We believe an analysis should have been done. The conflicts that have arisen in the enforcement of capitalization rules in the nursery industry should have alerted the IRS that specialized knowledge and particular care were necessary to avoid confusion. The proposed regulations would have the effect of requiring nurseries to keep detailed records of plants held for "growth and further cultivation" in order to justify their decision to deduct or to capitalize expenses incurred in connection with the plants. Before the proposed rule, these industries were not required to keep such records.
These comments are submitted pursuant to section 7805(f) of the IRC(2)and also under general authority of the Office of Advocacy to monitor Agency compliance with the Regulatory Flexibility Act (RFA)(3) as amended by the Small Business Regulatory Enforcement Fairness Act (SBREFA). (4)Additionally, the Small Business Act (5) authorizes the Office of Advocacy to represent the interests of small businesses before federal agencies. The views expressed by the Office of Advocacy are its own and do not necessarily reflect the position of other federal agencies.
The Office of Advocacy is aware that the IRS has received hundreds of comments challenging the merits of the proposed regulation and has held a hearing on the difficulties the nursery industry believes the regulation as written will present. The Office of Advocacy will focus its comments primarily on the applicability of the RFA to the proposed rule.
Applicability of the Regulatory Flexibility Act
The 'Special Analyses' section of the proposed rule states as follows:
"It also has been determined that section 553(b) of the Administrative Procedure Act (APA)(5 U.S.C. chapter 5) does not apply to these regulations, and because the regulations do not impose a collection of information on small entities, the Regulatory Flexibility Act (5 U.S. C. chapter 6) does not apply."
The IRS has thus made the decision that the rule is interpretative and that no collection of information requirement is imposed on the small businesses which would fall under this regulation. In this case, the Office of Advocacy disagrees with this conclusion.
A "rule" that is subject to the RFA is any rule "for which the agency publishes a general notice of proposed rulemaking pursuant to section 553(b) of the APA or any other law."(6) Section 553(b) of the APA provides, " Except when notice or hearing is required by statute, this subsection does not apply- (A) to interpretative rules..." The IRS has steadfastly maintained over the years that the vast majority of its rules are interpretative rules and therefore not subject to the APA or the RFA as they claim in this proposed regulation.
Information Collection Requirement:
In 1996, Congress amended the RFA with the SBREFA which provides that an analysis still should be done "to the extent that such interpretative rules provide a collection of information requirement". "Collection of information" is defined to include "recordkeeping requirements," which are defined as a "requirement imposed by an agency on persons to maintain specified records."(7)

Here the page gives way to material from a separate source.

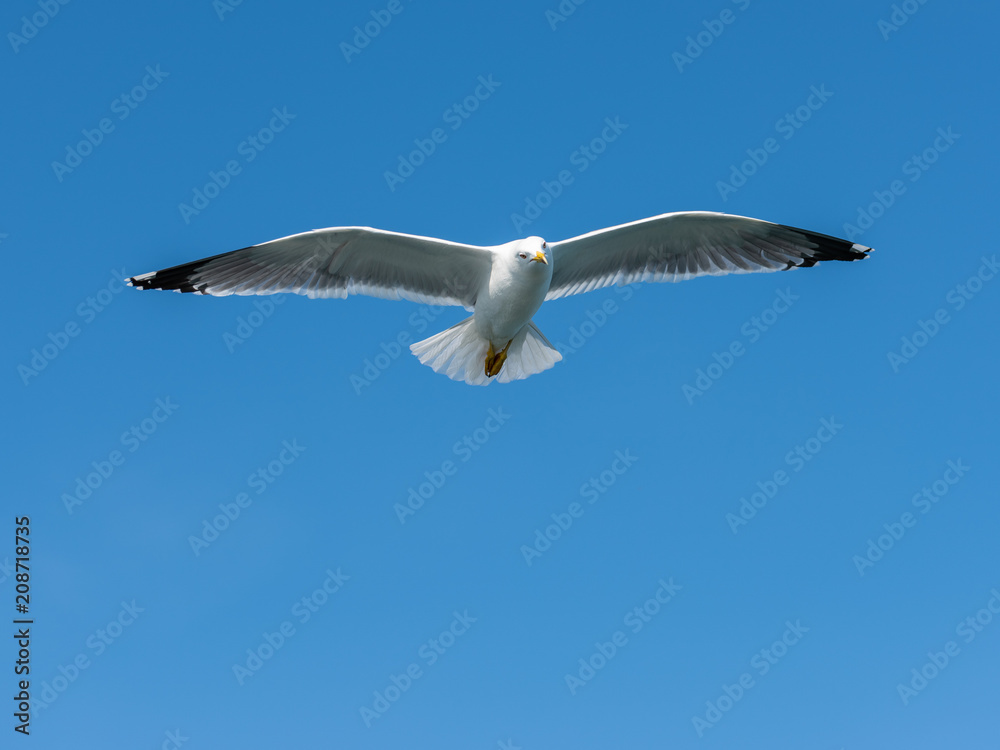 Obraz premium Seagull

Congress expressed its intent that the analysis requirement be construed broadly in the Statement of the Managers which accompanied SBREFA:
"One of the primary purposes of the RFA is to reduce the compliance burdens on small entities wherever possible under the statute. To accomplish this purpose, the IRS should take an expansive approach in interpreting the phrase "collection of information" when considering whether to conduct a regulatory flexibility analysis."(8)
In the case at hand, the rule clarifies the farming business deductions (IRC 263A(d))do not apply to a taxpayer who merely buys and resells plants raised by another. It then lists factors that will be considered in deciding who can use the deduction.
This is a major issue which would have widespread impact, particularly on the nursery growing industry which has been the subject of considerable legislative and regulatory debate over the past 40 years over their ability to deduct their costs. Under the law and IRS regulations, if a nursery is defined as a farming business, then it may deduct the costs of purchasing seeds, saplings and certain other pre-production costs. If however, the nursery is determined to merely hold plants for resale, then it must inventory the plants and capitalize the costs attributable to them in order to exclude that portion from taxable income when the plant is sold. Qualifying under the definition of farming business is very important to nurseries.
The IRS has seemed mindful of the impact of this definition and stated flatly during the hearing on the proposed regulation that it was not the IRS' intent to apply capitalization rules to anyone who was growing or further cultivating plants. Nonetheless, if nurseries do not receive a blanket exemption, they must be ready to prove their intent to hold the plants for growth and further cultivation. The factors mentioned in the preamble accompanying the regulation include: "the length of time between the taxpayer's acquisition of a plant and the time the plant is made available for sale to the taxpayer's customers, and in the case of plants, whether the plants acquired by the taxpayer are planted in the ground or kept in temporary containers."(9)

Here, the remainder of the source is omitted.